NZ dollar gains as Boehner stokes optimism fiscal cliff will be averted, stocks rise
By Paul McBeth
Nov. 29 (BusinessDesk) - The New Zealand dollar gained after comments from US House of Representatives Speaker and senior Republican John Boehner stoked optimism policymakers will set aside their differences and bypass the fiscal cliff of US$607 billion in automatic tax hikes and spending cuts, stoking investor confidence and pushing stocks higher.
The kiwi dollar rose to 82.34 US cents at 8.30am in Wellington from 82.14 cents yesterday. The trade-weighted index advanced to 73.64 from 73.46.
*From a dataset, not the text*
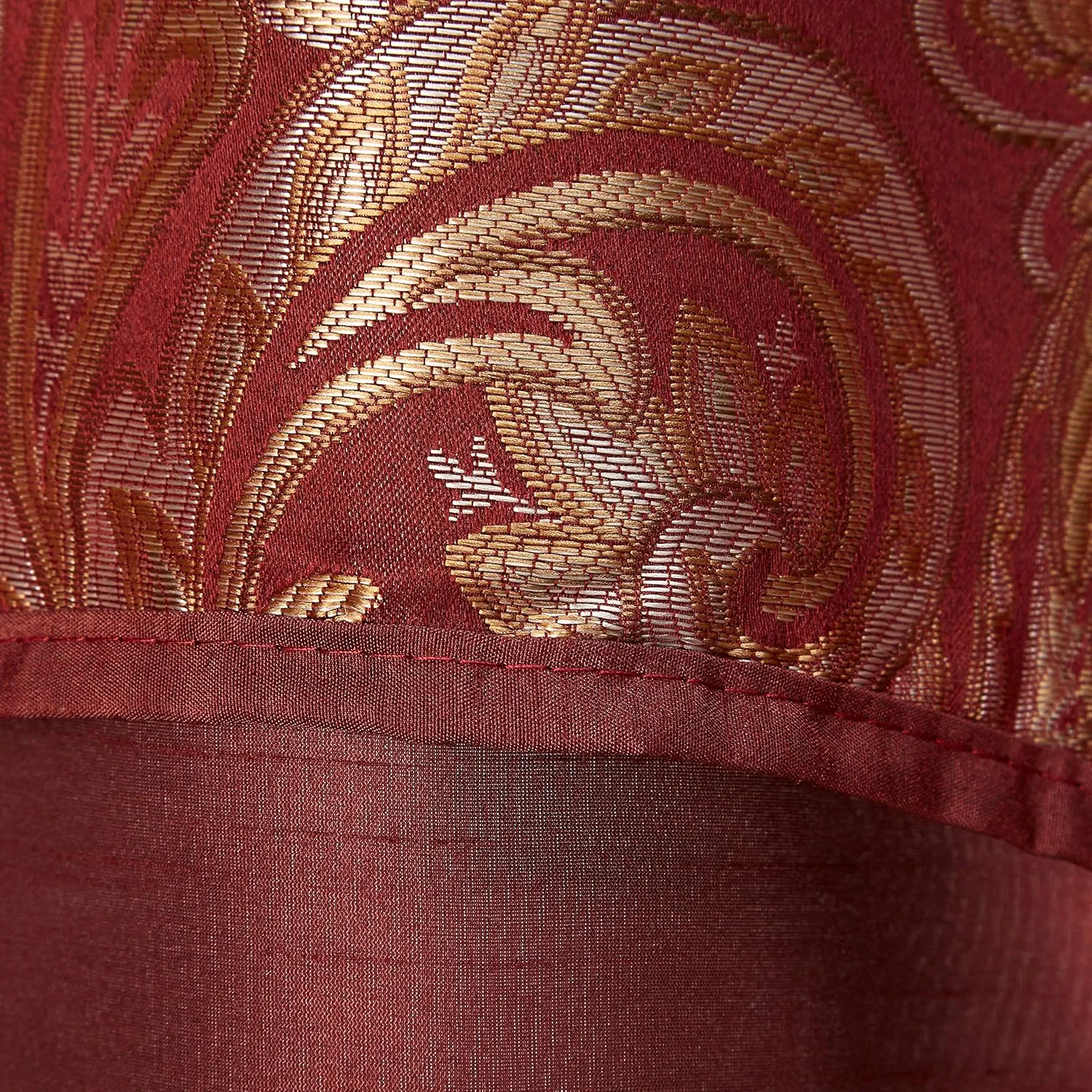 Madison Park Faux Silk Paisley Jacquard, Rod Pocket Curtain with Privacy Lining for Living Room, Kitchen, Bedroom and Dorm, 50 in x 18 in, Burgundy Bead Trim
Stocks on Wall Street rallied after Boehner said he was willing to put revenues up for negotiation if it was accompanied by spending cuts and that he was optimistic lawmakers could "avert this crisis sooner rather than later."
Investors have been fretting the world's biggest economy will be stuck in a stalemate similar to this year's debt ceiling debate that saw Standard & Poor's cut its triple-A credit rating, and ultimately slip back into recession. The Standard & Poor's 500 Index gained 0.4 percent.
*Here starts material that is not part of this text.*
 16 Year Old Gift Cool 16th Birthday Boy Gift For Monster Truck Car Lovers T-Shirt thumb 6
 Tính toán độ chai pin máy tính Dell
Markets rallied after "some positive words from Boehner on trying to solve the fiscal cliff," said Tim Kelleher, head of institutional FX sales NZ at ASB Institutional in Auckland. "The kiwi should squeeze up on the day."
The currency may trade between 82.25 US cents and 82.75 cents, with a fall in commodity prices holding back gains, he said.
Traders will be looking for Australian capital expenditure figures today, which are expected to show the world’s 12th biggest economy might be starting to slow down after the resources boom gave it a buffer during the global financial crisis.
Australian business investment rose 2 percent in the three months ended Sept. 30 after growing 3.4 percent in the previous quarter, according to a Bloomberg survey of economists. The kiwi was little changed at 78.60 Australian cents from 78.56 cents yesterday.
The currency rose to 67.38 yen from 67.22 yen yesterday, and increased to 51.43 British pence from 51.30 pence. It advanced to 63.68 euro cents from 63.50 cents yesterday.